While unbanked individuals are those who do not have accounts with financial institutions, underbanked consumers may have accounts but also choose to use money orders, check cashing services, payday loans, prepaid cards and other financial service offerings through retail outlets rather than through a traditional bank or credit union.
Both of these groups fall into a broader category known as the “underserved.” According to the FDIC’s “2011 National Survey of Unbanked and Underbanked Households,” which was released in October 2012, 60 million adults are either un- or underbanked.
It appears, however, that there are common misconceptions when it comes to why people are un- or underbanked. In reality, there are a number of different reasons that lead to their financial management decisions – and some of these reasons highlight a particular opportunity for credit unions.
In interviews with un- and underbanked households for a recent First Data report, researchers found that these consumers are very in tune with their finances and demand complete control. The research revealed that the un- and underbanked are often employed and work hard to be financially responsible. Paying bills, paying their children’s education expenses, and saving money are of highest priority.
They want to know exactly how much they have spent and how much they have available. Many prefer to use cash because they feel that credit cards make it easier to overspend beyond the funds they have available. Demographically, these groups vary in background, age and education level, and they work in diverse occupations.
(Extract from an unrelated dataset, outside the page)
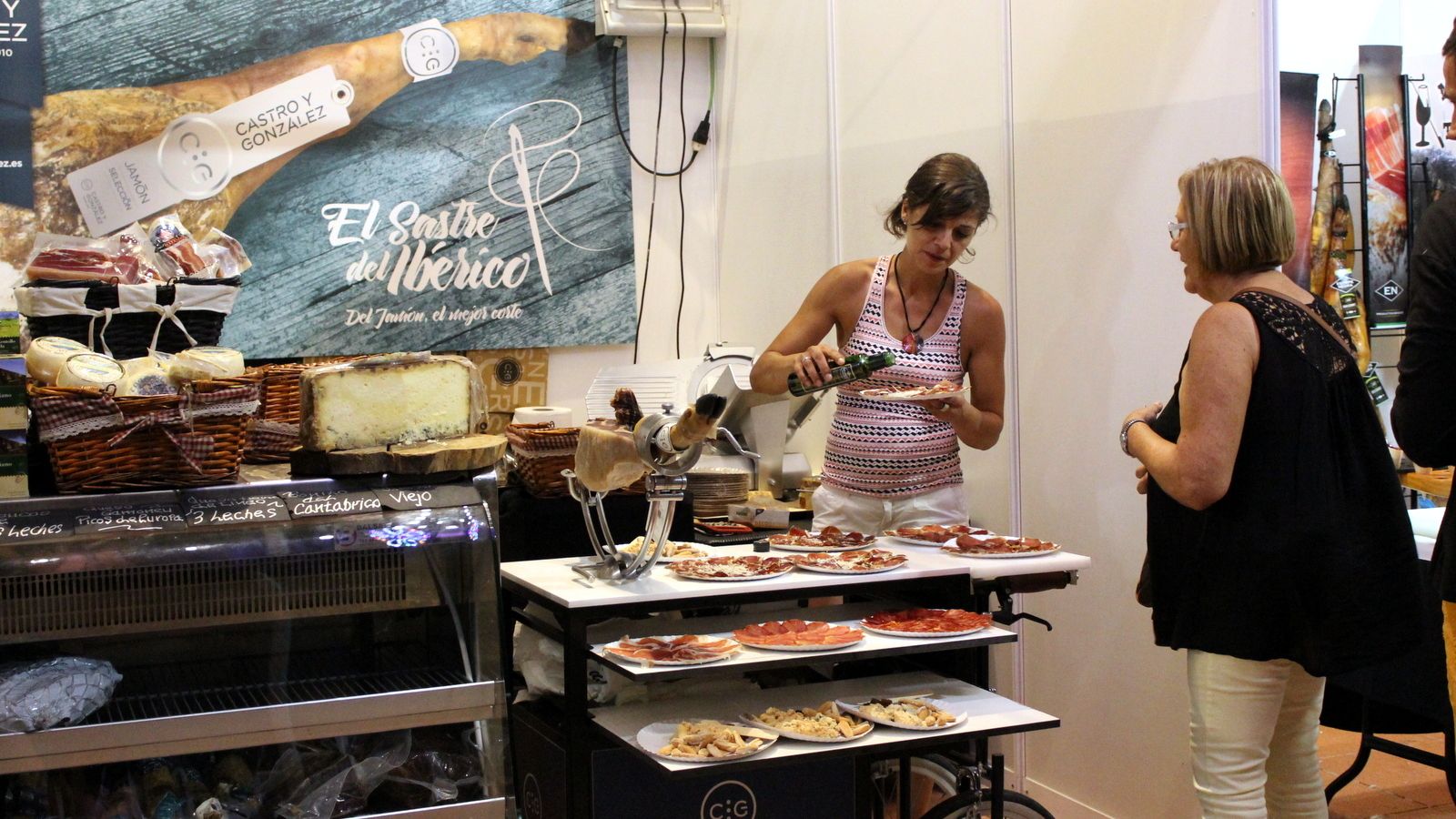 Estepona y el jamón, todo es uno.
Many consumers in this market feel that financial institutions cannot help them manage their money effectively or achieve their financial goals. They are often unclear on financial institution offerings and fees, which can lead them to avoid financial institutions all together. Some have developed negative perceptions based on what they have heard from their peers, or they personally may have experienced unexpected fees or trouble meeting strict guidelines on minimum balance requirements.
Another deciding factor that has driven them away from financial institutions is poor customer service. While they want to be in complete control of their finances, this group is open to receiving counsel and guidance. However, in First Data’s interviews, consumers stated that they often “felt like a number” to their financial institutions and did not get clear, helpful, or consistent information from the employees with whom they spoke.
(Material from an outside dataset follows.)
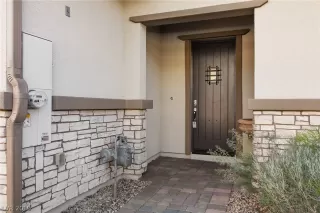 Photo #1: 2063915 Listing 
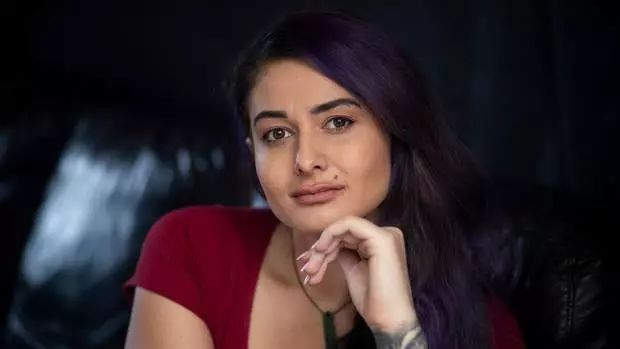 中国美女留学生自述被三个“干爹”*养包**:“我们只是在恋爱而已”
Creating a better experience
Credit unions have a unique opportunity to win over this consumer segment, by offering them the customer care and personal service they felt was lacking among financial institutions. They may have turned to alternative financial service providers for control over their money because they found them convenient and transparent. Credit unions can offer these same benefits for the un- and underbanked if they position themselves in the right way. Here are some tips for appealing to this market:
- Consider presenting an alternative to traditional credit and debit cards by offering prepaid cards that provide the ability to pay bills by phone or online, but do not allow consumers to spend more money than they have loaded.
- Provide demonstrations on how your online banking system provides members with real-time access to account balances, pending payments and pending deposits, as well as the ability to receive alerts and notifications. Many consumers may simply not know how much control they can have over their accounts or may be unfamiliar with how online banking works. The un- and underbanked may not have reliable Internet access but frequently have smartphones — so credit unions need to make sure their online banking system is mobile-friendly.
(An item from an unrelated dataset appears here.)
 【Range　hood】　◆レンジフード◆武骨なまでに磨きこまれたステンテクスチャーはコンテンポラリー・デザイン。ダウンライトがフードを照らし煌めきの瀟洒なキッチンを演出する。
- Be as transparent as possible. In addition to the legal documents provided about account fees, consider providing a simple, one-page account overview that clearly and simply outlines the parameters of the account and all of the fees.
Make sure your customer experience is as positive as possible, and above all, make sure these consumers know that they are not just another number in the crowd. Keeping communication lines open and taking the time to understand who the un- and underbanked are will prove essential in demonstrating to this group that credit unions can offer them a mutually beneficial relationship.